Introducing DPO-LLaMA

A clean PyTorch implementation of Direct Preference Optimization (DPO) to fine-tune LLaMA models

By Michael Hu
March 11, 2024 4:10 pm
2 min read

Reinforcement learning from human feedback (RLHF) [1] plays a very important role in the success of ChatGPT. It generally involves training a reward model to estimate the reward score over some dataset with human preference, and subsequently using RL and PPO algorithms to fine-tune the model to maximize this estimated reward. However, RLHF with LLMs requires a large amount of computation, with a small portion of this computation dedicated to training the reward model, while a large portion is allocated to reinforcement learning (RL). It's also true that integrating RL with LLMs can be quite challenging, since RL itself is already a complex field. If you're interested in RLHF, please check my post on InstructLLaMA.
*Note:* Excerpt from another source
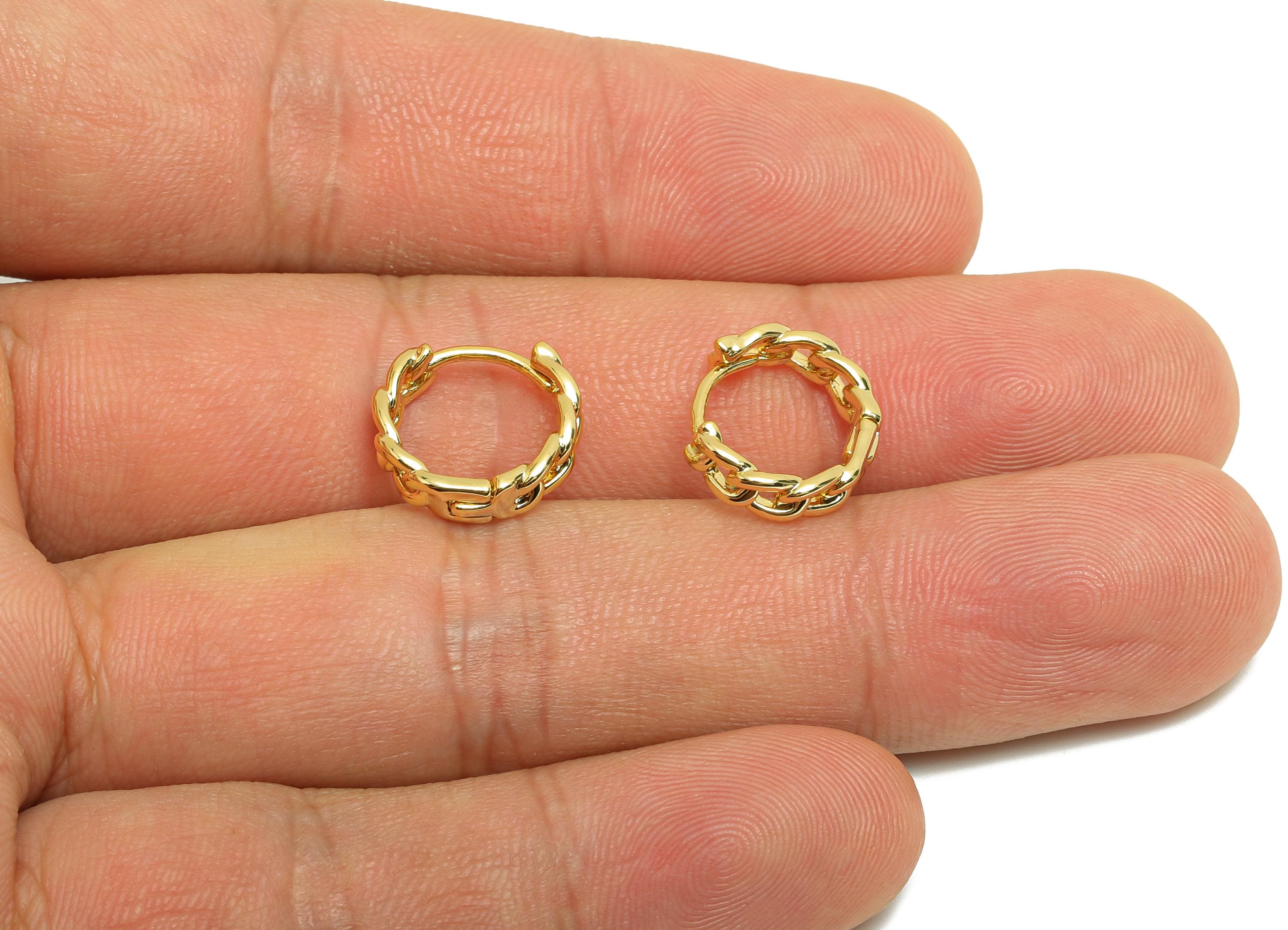 Brass Chain Hoop Earring - Gold Huggie Earring for Women - Daily Wear Hoop Ear Clasp - 18K Real Gold Plating - 12.24x13.36x1.67mm - RGP8575 - DOMEDBAZAAR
A new method called Direct Preference Optimization (DPO) [2] suggests we might be able to achieve the same performance while drastically reducing the computation and complexity. Through a series of mathematical manipulations and derivation, the authors of DPO prove that it can solve the standard RLHF problem with only a simple classification loss.

While the authors of the DPO paper also published their code DPO: Direct Preference Optimization. However in our opinion, the implementation and readability of the code have much room for improvement. We are excited to introduce our project DPO-LLaMA, a clean open-source implementation of DPO to fine-tune LLaMA models to follow human preference. The project was implemented in PyTorch and provides comprehensive support for dataset preparation and fine-tuning.

References

  • [1]

    Long Ouyang, Jeff Wu, Xu Jiang, Diogo Almeida, Carroll L. Wainwright, Pamela Mishkin, Chong Zhang, Sandhini Agarwal, Katarina Slama, Alex Ray, John Schulman, Jacob Hilton, Fraser Kelton, Luke Miller, Maddie Simens, Amanda Askell, Peter Welinder, Paul Christiano, Jan Leike, Ryan Lowe. Training language models to follow instructions with human feedback. arXiv:2203.02155, 2022.

  • [2]

    Rafael Rafailov, Archit Sharma, Eric Mitchell, Stefano Ermon, Christopher D. Manning, Chelsea Finn. Direct Preference Optimization: Your Language Model is Secretly a Reward Model. arXiv:2305.18290, 2023.